There’s also the hefty costs posed by the CPP — troubling enough that the Supreme Court issued a stay in February 2016. Essentially, the CPP would have forced the premature retirement of 17,000 MW of coal-fired capacity — enough to power millions of homes. It would also have increased retail power bills by $148 billion over a 20-year period. And that doesn’t include the costs associated with integrating new, variable sources of electricity generation into the nation’s power grid.

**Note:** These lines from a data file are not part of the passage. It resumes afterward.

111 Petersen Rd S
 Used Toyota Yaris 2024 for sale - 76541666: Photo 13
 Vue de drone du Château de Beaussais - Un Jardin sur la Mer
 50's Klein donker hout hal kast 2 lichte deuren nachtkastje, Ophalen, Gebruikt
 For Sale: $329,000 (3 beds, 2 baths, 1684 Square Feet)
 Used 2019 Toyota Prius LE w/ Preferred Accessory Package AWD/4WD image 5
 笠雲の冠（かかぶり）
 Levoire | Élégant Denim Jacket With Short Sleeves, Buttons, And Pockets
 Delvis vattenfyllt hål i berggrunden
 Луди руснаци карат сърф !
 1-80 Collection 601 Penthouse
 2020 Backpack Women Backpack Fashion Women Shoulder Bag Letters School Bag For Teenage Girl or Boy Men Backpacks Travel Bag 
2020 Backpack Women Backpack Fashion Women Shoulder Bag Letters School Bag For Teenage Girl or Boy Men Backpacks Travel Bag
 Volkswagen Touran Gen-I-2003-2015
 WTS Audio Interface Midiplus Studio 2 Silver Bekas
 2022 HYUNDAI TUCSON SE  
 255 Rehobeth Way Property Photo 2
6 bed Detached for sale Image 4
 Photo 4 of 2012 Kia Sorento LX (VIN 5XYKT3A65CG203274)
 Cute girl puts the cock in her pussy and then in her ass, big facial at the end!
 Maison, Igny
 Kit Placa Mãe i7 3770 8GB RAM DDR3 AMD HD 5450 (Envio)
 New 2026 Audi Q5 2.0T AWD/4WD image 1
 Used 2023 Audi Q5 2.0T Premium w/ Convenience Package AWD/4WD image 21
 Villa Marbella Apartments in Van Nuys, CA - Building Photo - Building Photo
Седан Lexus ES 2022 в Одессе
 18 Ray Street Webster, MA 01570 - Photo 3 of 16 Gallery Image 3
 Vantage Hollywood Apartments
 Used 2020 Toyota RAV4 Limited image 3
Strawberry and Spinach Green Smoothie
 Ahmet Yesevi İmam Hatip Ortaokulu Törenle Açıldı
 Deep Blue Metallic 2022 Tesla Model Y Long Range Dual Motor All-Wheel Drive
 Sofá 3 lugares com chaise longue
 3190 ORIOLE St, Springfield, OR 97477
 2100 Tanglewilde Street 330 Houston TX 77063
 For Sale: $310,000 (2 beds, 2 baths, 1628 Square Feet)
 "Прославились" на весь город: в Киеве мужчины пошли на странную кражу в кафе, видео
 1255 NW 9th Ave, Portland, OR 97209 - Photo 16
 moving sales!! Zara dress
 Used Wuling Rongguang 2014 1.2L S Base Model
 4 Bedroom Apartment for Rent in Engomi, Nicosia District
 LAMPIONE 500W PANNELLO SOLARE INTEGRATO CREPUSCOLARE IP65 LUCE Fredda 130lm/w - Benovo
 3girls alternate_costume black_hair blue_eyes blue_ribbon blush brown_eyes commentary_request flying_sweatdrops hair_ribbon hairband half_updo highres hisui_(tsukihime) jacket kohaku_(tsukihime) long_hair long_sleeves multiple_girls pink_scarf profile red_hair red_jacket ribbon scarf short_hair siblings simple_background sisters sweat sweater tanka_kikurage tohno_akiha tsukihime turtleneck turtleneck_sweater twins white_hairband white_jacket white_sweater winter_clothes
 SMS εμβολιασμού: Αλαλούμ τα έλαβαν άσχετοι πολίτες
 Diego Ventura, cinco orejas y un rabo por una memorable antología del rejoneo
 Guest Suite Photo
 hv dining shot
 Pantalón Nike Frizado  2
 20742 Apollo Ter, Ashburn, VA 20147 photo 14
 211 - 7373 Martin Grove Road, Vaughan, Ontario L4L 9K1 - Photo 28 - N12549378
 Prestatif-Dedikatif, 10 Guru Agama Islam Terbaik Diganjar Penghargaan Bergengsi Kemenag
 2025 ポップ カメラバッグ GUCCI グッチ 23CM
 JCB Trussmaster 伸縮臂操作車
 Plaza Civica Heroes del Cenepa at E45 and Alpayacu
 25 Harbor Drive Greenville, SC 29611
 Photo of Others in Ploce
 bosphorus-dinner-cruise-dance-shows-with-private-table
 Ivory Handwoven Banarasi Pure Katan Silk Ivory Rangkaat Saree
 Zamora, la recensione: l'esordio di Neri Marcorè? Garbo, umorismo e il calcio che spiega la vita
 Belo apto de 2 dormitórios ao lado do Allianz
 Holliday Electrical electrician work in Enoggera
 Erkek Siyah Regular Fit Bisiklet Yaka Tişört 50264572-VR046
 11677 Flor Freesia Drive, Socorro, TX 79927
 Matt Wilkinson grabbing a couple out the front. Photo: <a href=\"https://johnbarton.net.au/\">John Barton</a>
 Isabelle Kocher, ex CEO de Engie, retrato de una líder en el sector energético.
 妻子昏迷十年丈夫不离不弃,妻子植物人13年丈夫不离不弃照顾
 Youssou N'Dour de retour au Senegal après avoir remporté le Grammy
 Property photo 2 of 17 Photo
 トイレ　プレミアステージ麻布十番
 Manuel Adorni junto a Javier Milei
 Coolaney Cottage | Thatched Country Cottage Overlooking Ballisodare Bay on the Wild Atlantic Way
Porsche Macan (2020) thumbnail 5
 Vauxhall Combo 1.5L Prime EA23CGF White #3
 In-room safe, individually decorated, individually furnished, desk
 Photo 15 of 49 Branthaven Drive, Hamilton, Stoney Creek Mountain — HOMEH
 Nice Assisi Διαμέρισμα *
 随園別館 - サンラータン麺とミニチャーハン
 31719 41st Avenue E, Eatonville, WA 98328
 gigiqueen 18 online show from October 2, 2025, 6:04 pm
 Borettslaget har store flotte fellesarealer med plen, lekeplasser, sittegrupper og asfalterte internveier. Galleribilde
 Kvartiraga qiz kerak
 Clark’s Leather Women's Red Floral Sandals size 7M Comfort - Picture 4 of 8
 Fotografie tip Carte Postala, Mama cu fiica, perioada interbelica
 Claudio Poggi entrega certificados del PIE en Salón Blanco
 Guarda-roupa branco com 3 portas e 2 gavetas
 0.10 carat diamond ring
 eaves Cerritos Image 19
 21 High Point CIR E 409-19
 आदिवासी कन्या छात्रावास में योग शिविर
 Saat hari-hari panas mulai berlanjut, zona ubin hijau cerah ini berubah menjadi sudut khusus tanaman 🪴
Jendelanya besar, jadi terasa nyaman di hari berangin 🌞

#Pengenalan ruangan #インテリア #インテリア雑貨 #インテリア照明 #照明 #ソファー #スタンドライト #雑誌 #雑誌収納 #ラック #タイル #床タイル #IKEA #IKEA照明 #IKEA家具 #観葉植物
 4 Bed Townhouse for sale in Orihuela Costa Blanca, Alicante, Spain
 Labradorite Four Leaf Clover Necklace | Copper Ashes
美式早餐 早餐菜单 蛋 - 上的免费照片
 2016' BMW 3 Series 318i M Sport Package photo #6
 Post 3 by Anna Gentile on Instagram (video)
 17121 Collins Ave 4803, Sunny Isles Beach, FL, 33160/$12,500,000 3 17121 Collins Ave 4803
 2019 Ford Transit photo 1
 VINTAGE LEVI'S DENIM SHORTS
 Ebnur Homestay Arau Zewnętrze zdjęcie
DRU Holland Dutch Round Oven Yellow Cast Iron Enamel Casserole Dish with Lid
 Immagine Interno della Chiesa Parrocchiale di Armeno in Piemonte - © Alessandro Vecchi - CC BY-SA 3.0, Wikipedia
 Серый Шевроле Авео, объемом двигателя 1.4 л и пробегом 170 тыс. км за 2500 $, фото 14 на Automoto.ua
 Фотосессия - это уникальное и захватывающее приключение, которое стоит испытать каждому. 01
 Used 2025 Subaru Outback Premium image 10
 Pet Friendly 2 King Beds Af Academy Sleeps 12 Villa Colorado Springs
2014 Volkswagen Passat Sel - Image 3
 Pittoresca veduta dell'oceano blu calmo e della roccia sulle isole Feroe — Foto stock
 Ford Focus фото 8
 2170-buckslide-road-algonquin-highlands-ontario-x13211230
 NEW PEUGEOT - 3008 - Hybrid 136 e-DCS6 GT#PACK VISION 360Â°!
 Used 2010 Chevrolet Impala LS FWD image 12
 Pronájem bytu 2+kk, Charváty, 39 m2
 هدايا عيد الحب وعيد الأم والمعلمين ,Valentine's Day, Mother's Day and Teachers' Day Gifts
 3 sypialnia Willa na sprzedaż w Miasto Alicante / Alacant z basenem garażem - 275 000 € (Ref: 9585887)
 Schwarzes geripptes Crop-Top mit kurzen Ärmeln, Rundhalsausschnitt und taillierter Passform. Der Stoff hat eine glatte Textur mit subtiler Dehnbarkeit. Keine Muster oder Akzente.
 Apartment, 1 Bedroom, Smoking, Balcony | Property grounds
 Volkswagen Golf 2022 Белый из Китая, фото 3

While the CPP would undoubtedly have raised electricity costs, there’s also the wider question of grid reliability. The cold snap that hit the eastern United States early this winter taxed power utilities to the max. The National Energy Technology Laboratory reported that, “without available capacity from partially utilized coal units,” eastern region customers “would have experienced shortfalls leading to interconnect-wide blackouts.” Essentially, without coal plants, Americans from Illinois to Pennsylvania would have been left in chilly darkness amidst punishing arctic conditions.
For all this pain, though, the CPP would have yielded no meaningful impact on climate. A CATO Institute study estimated the plan would result in a reduction in global temperatures of a mere 0.02 degrees Celsius by 2100.
Those seeking to save the CPP no doubt have noble intentions. But an attempt to eliminate an entire industry based on heavy-handed tactics must be called out. And there’s a better solution, since advanced coal technologies exist today that can eliminate nearly all regulated emissions and also significantly reduce CO2 emissions. Imagine if all the effort currently being channeled into street theater and grand PR gestures were redirected toward supporting high-tech upgrades to America’s existing coal fleet. That might bring real action to achieve affordable, reliable power for a growing nation.
Ashley Burke is senior vice president for communications at the National Mining Association.